Border guard tied to mob
OTTAWA—A Canadian border guard had known ties to organized crime, protected those associates, and used his own position to evade the law, an investigation by the federal public sector watchdog has found.
The guard’s relationship with organized crime dates back to before he joined the Canada Border Services Agency, an association his supervisors have known about for at least four years, public sector integrity commissioner Mario Dion reported today.
“He essentially renounced his obligations and enforcement responsibilities and therefore failed to fulfil one of his core duties in maintaining safety at the border,” he said.
The officer was fired after the commissioner’s report was submitted to CBSA, he added.

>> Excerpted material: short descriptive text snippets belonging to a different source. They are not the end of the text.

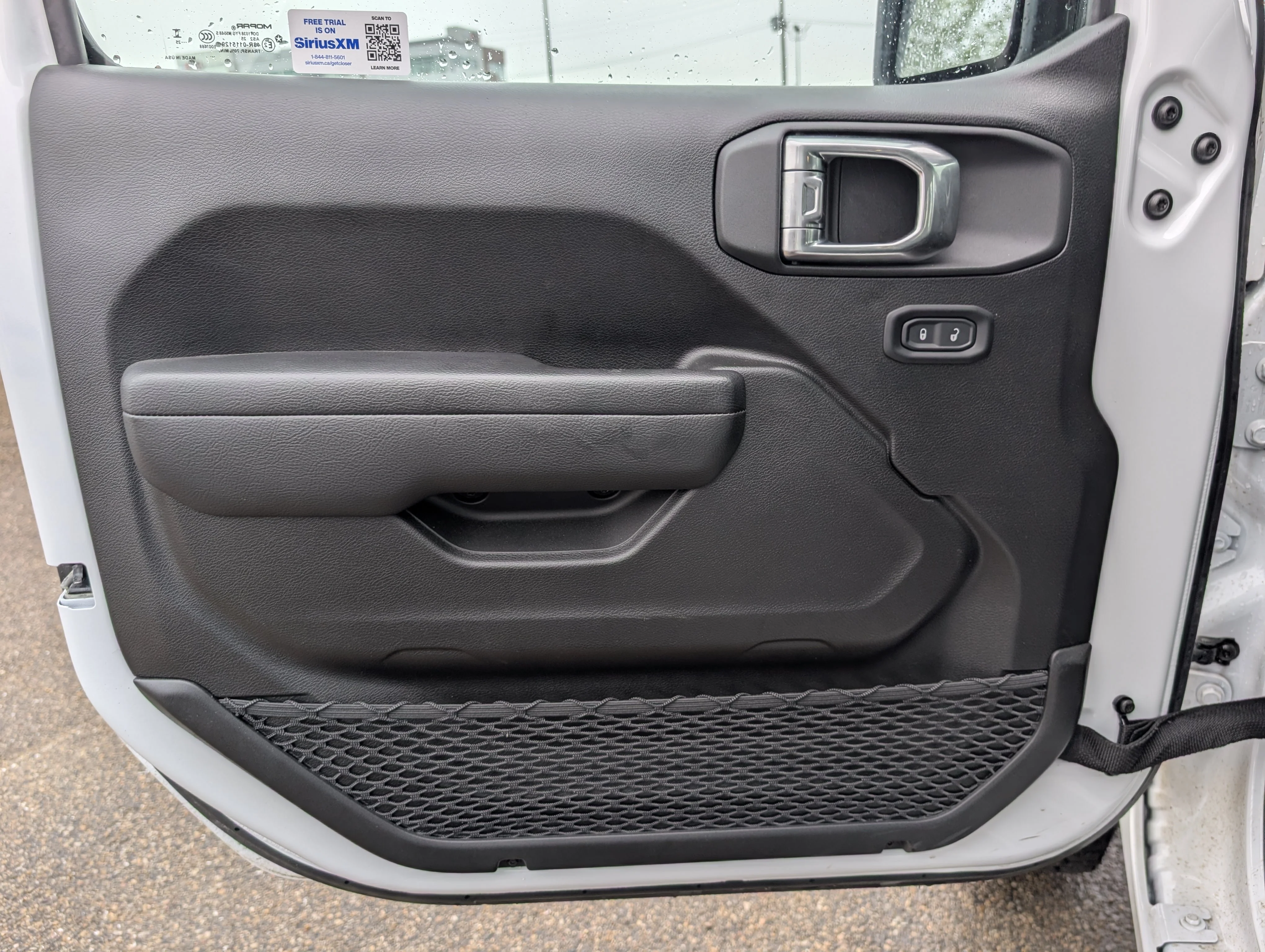Used 2025 Bright White Jeep Sport image 15
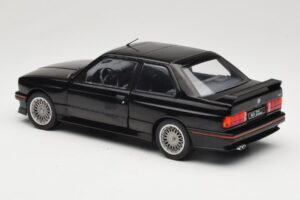 BMW M3 E30 Sport Evo Zwart Solido 1:18 S1801501 Metaal — afbeelding 7 van 8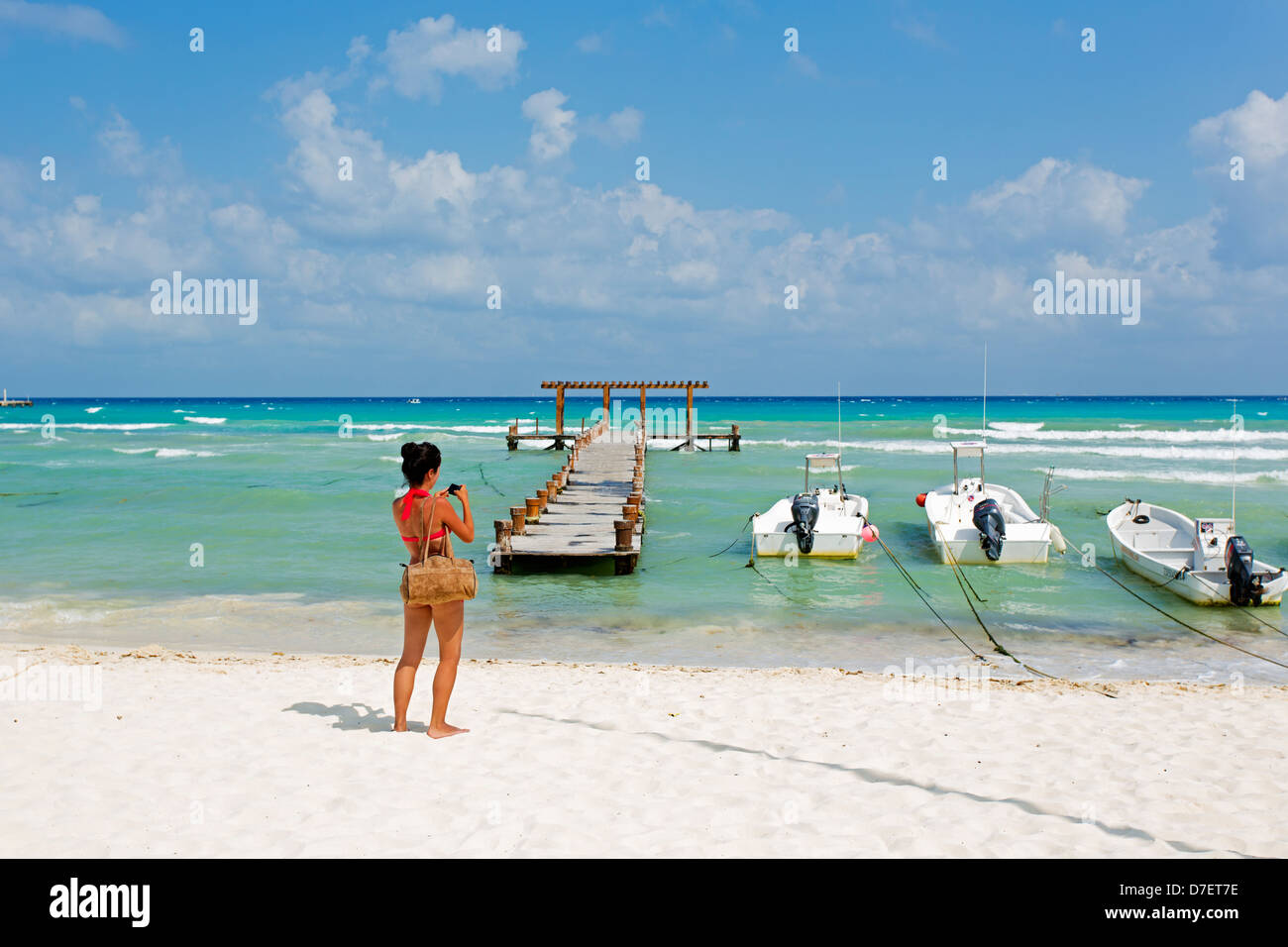 Frau, die Strand-Szene mit Steg und Angelboote/Fischerboote fotografieren Stockfoto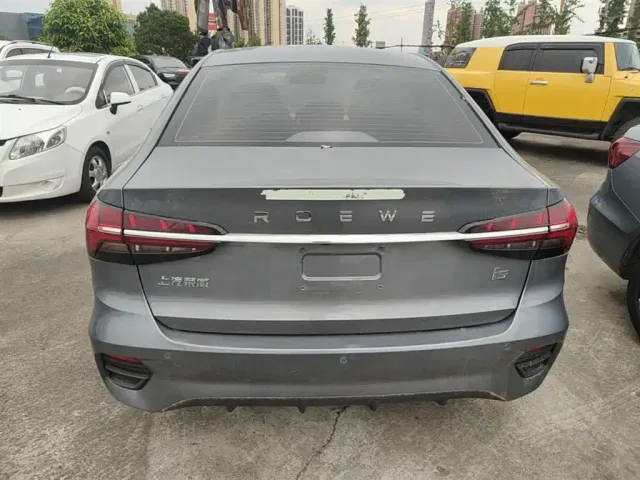 Roewe i5 — Фото автомобиля 5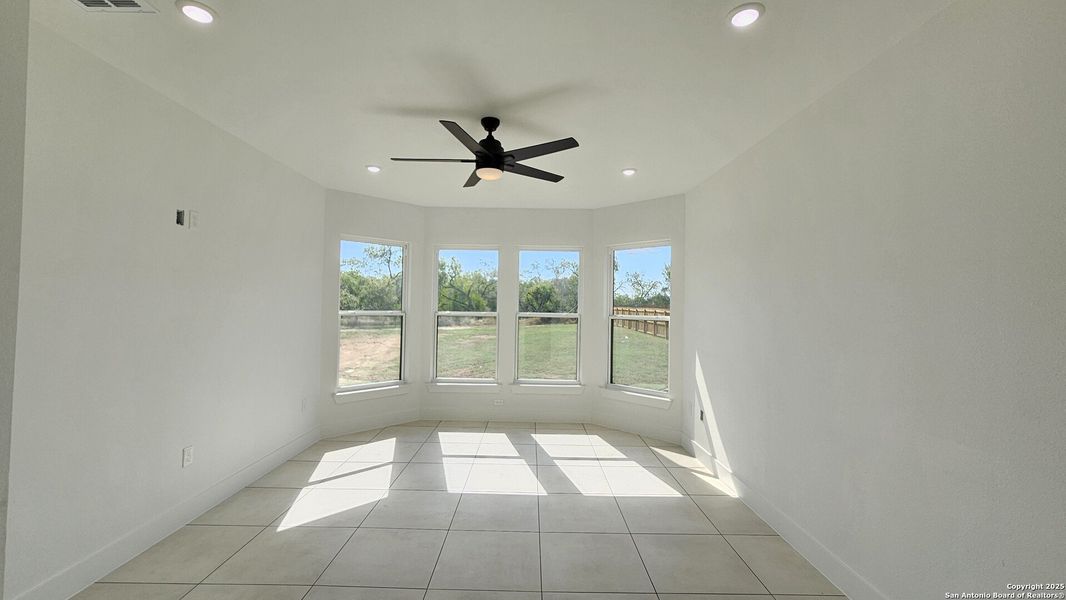 Spacious, unfurnished interior of a new home in , Atascosa (Image 25). Spacious, unfurnished interior of a new home in , Atascosa (Image 25).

The guard can’t named because of privacy laws, nor did Dion disclose the name of the criminal organization in question, except to say it operates throughout Canada and around the world.
The officer was stationed at the Pigeon River crossing near Thunder Bay and police there are still investigating the case, Dion noted.
“We did not discover any evidence of actual efforts to facilitate the transmission of goods,” he said.
“We simply were in a position to determine that on at least two occasions, this particular officer did not execute his duties as per the code of conduct.”
On one occasion, the guard was at a Thunder Bay bar with two known associates of local organized crime around 2 a.m. when police arrived on the scene.
“The officer referred to above identified himself as a CBSA employee as a means to evade the law during a police operation in a local bar, which forms part of the overall finding of a serious breach of a code of conduct,” the report found.
The officer also failed to fully search individuals and cars that were supposed to be under scrutiny by border guards.
One of the people the guard refused to search was described by police as “a ‘participant’ in the ‘number-one criminal organization’ in Ontario.”
The officer told investigators that since he wasn’t involved in any criminal activities, he didn’t see his relationship with the individuals as a problem.
But those relationships clearly posed a risk for the agency, the report said.
“The officer’s off-duty conduct and affiliation with known organized crime figures was highly-inappropriate for a law enforcement officer and had the potential to harm the CBSA’s reputation,” it noted.